Credit where credit is due: a lot of the design choices were influenced by Pete Bristow’s earlier work on LPM implementations for Snabb. Notably, the requirement that the compressed FIB is easily copied between processes was inherited from his design. Likewise, the idea of bootstrapping from a simple trie was apparent from looking at the prior LPM implementations.

Lookup

There are three flavors of lookup routines. First there is a simple Poptrie:rib_lookup routine to look up prefixes in the RIB. It is a dead simple recursive binary trie search, and useful as a reference since the Poptrie lookup routines should return the exact same results when querying the compressed FIB.

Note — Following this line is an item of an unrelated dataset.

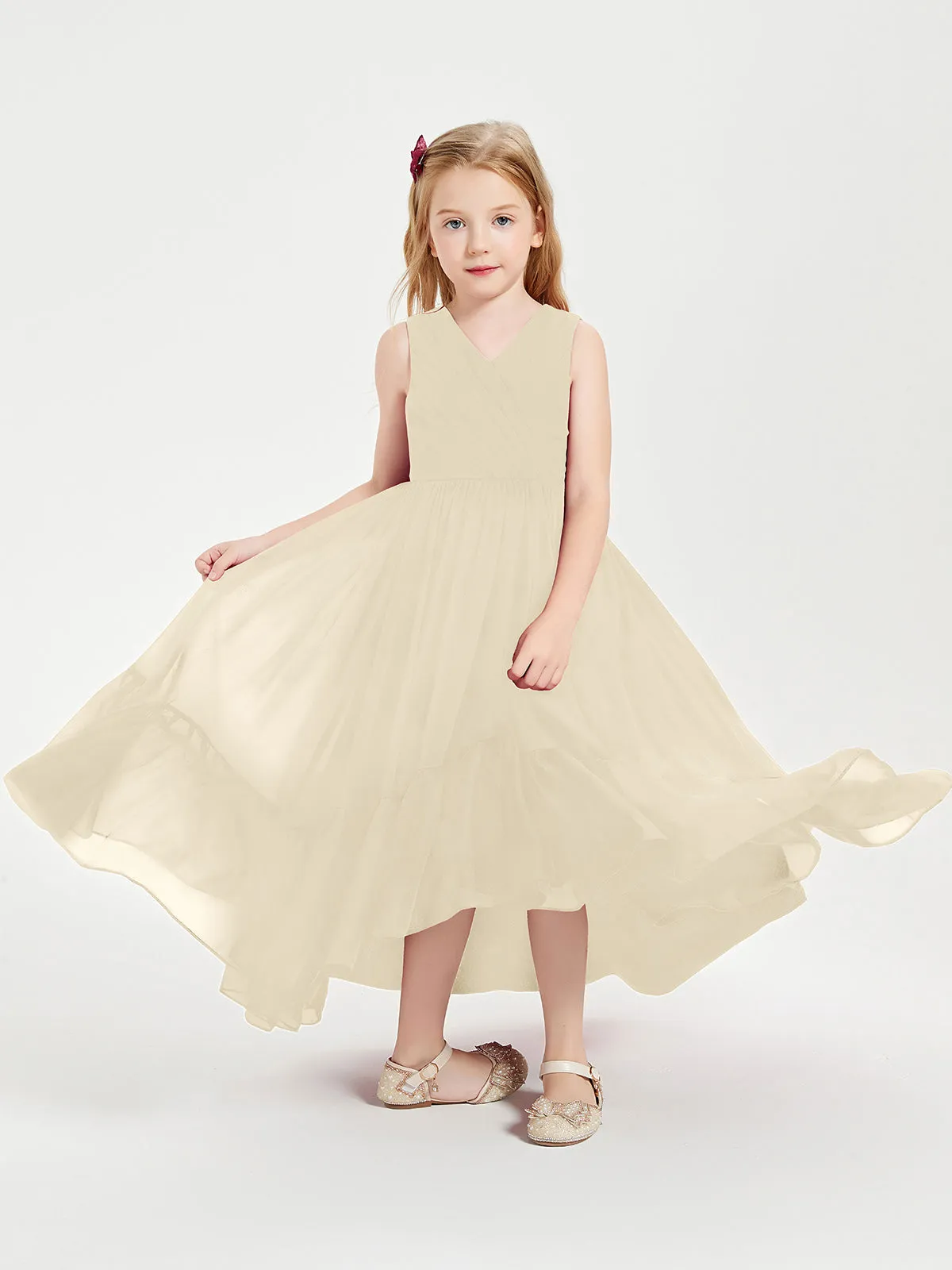 Boho Junior Bridesmaid Dresses Cascading Skirt Champagne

Let us quickly recap how the Poptrie lookup works:

Our first implementation is written in Lua. It is not particularly fast, but supports all combinations of optimizations turned on or off and works on prefixes of any length. It is mainly used as a runable reference for comparison with the x86 assembly implementation.

|.define leaves,  rdi -- pointer to leaves array
|.define nodes,   rsi -- pointer to nodes array
|.define key,     rdx -- key to look up
|.define dmap,    rcx -- pointer to directmap
|.define index,   r8d -- index into node array
|.define node,    r8  -- pointer into node array
|.define offset,  r9d -- offset into key
|.define offsetx, r9  -- (offset as qword)
|.define v,       r10 -- k or s bits extracted from key
|.define v_dw,    r10d -- (v as dword)
|.define vec,     r11 -- 64-bit vector or leafvec

The DynASM generator for the optimized x86 lookup routines on the other hand is supposed to generate the best code possible, and keeps its working data set in registers. Pete Cawley helped a lot by reviewing the first version of the code and suggesting a bunch of x86 tricks that justify calling the resulting code “optimized”. :-)

Note that to use the optimized lookup routines you must ensure that RIB and FIB contain no prefixes longer than the keys you will look up. I.e., you would call Poptrie:lookup32 on a FIB with prefixes of length less than or equal to 32 bits.

...
-- v = extract(key, offset, k=6)
if keysize == 32 then
   if BMI2 then
      | shrx v_dw, dword [key], offset
   else
      | mov ecx, offset
      | mov v_dw, dword [key]
      | shr v, cl
   end
elseif keysize == 64 then
   if BMI2 then
      | shrx v, [key], offsetx
   else
      | mov ecx, offset
      | mov v, [key]
      | shr v, cl
   end
elseif keysize == 128 then
   | mov ecx, offset
   | mov v, [key]
   | mov vec, [key+8]
   | test cl, 64
   | cmovnz v, vec
   | shrd v, vec, cl
else error("NYI") end
...

The above excerpt shows how the generator is parameterized on prefix/key size as well as on the availability of certain new x86 features such as BMI2. That is, we assemble different routines for each key size, and different code depending on which features the executing CPU supports at runtime. This ifdef-esque code is certainly not pretty to look at, but we would rather not leave any performance on the table here.

Property testing

Hopefully the routines that build the initial binary trie are so simple as to obviously have no bugs. Assuming we can verify Poptrie:add and Poptrie:rib_lookup by means of unit tests and staring at them, we can property test our tower from there.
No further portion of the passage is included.